The future was yesterday, is happening today, and will be tomorrow. With every end there is another beginning.
Every day we are working for something more and hopefully today, we are further than where we were yesterday.
Strength comes in waves... sometimes you are full of strength and could conquer the world... sometimes you wish you had even enough strength to conquer the day.
You push hoping that all the effort you are giving is getting you somewhere... When you get where you've been trying to go for so long, will it be the place you thought it would be? Will it be everything you dreamed?
So much counts on the decisions we make today. Or does it? Is it really that intense? If we fail is it easy to just pick up the pieces and start over again?
What if you work years to achieve a goal and realize it wasn't something you really wanted? Just start over? Deal with it? Hmmm...
There's pressure... that's obvious... because making good decisions really is important. I think what is more important though is realizing that it isn't your job or education that defines you... it's how you live your life.
Success or failure is relative. I would say that a person who failed 99 times out 100, each time with the hope that next time would be a success and never viewing their self as a failure was a success all along while the person who succeeded 99 times out of 100 and failed the final time couldn't get past the single failure and was miserable was actually a failure because of the way he perceived things.
So, here we are then... still pushing along... getting further to the finish... or do we ever truly reach a finish?
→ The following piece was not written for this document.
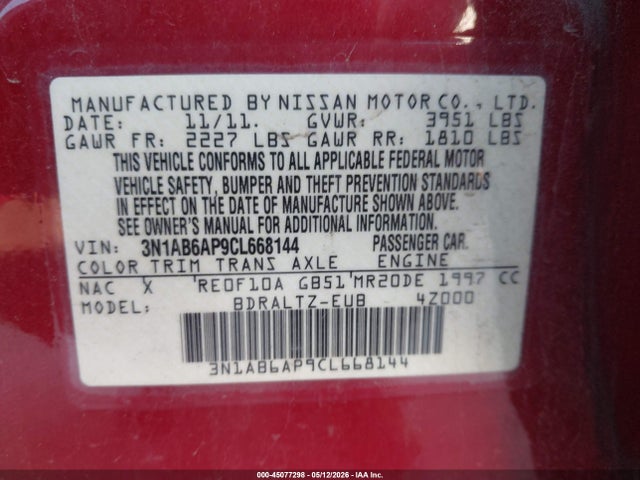 Продажа на аукционе авто 2012 Nissan Sentra 2.0 S, vin: 3N1AB6AP9CL668144, номер лота: 45077298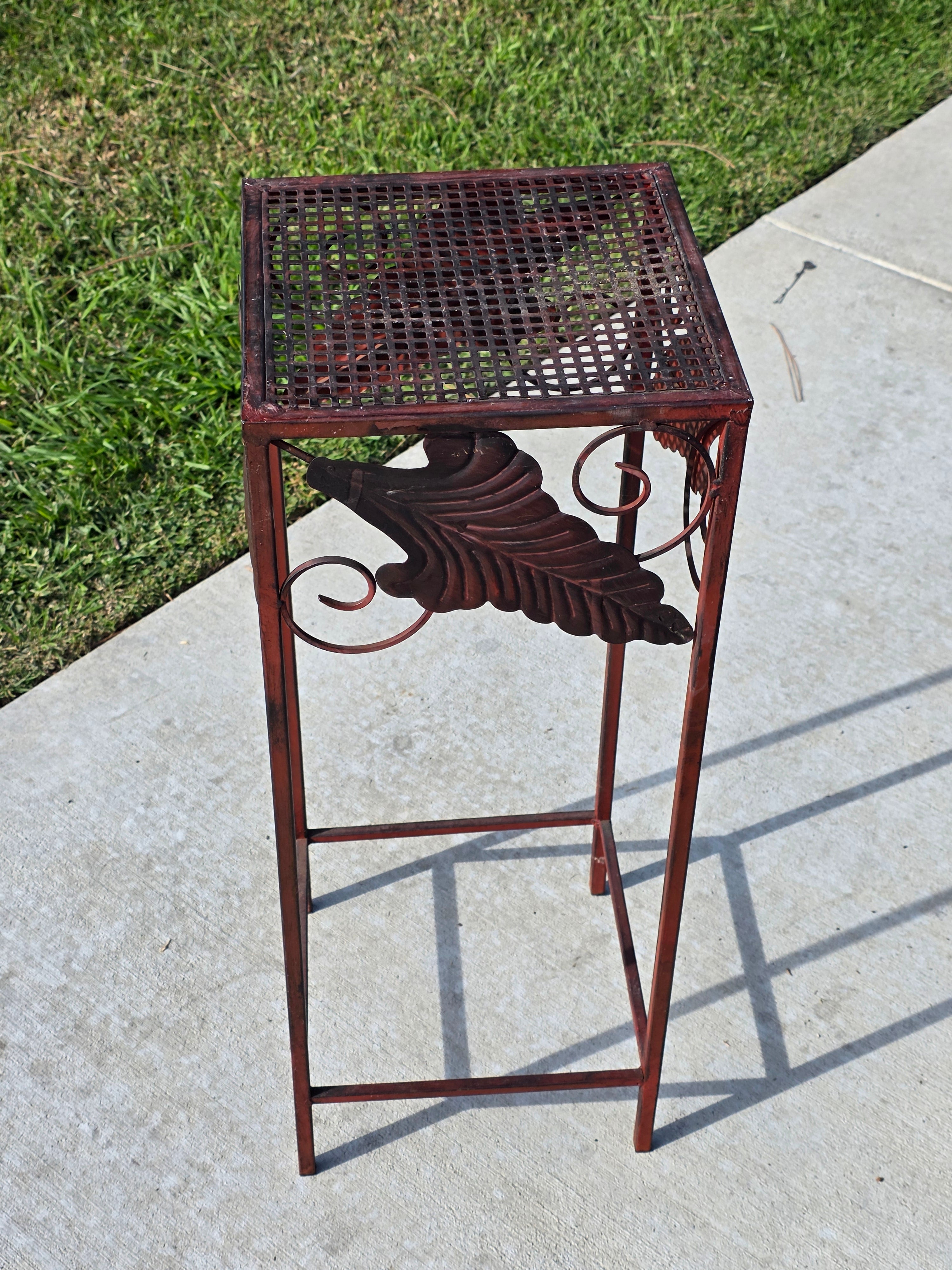 Vintage French Country Burgundy Iron Plant Stand with Large Leaf Accents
I really don't think we do. I think it's just another end and a new beginning and we usually have more than several of these circulating in our lives at once.
It's funny how sometimes when you feel the weakest you are actually exhibiting your strongest qualities.
Everyday there's a new lesson to be learned. Sometimes you learn a lesson today from an action or actions from years ago when you weren't even the same person. Gotta love that karma...
I think life just has it's way of working itself out. I know that even when I am the most scared or sad and I don't know how things are going to turn out or what I should do next... I really do just trust God and things go in the right direction.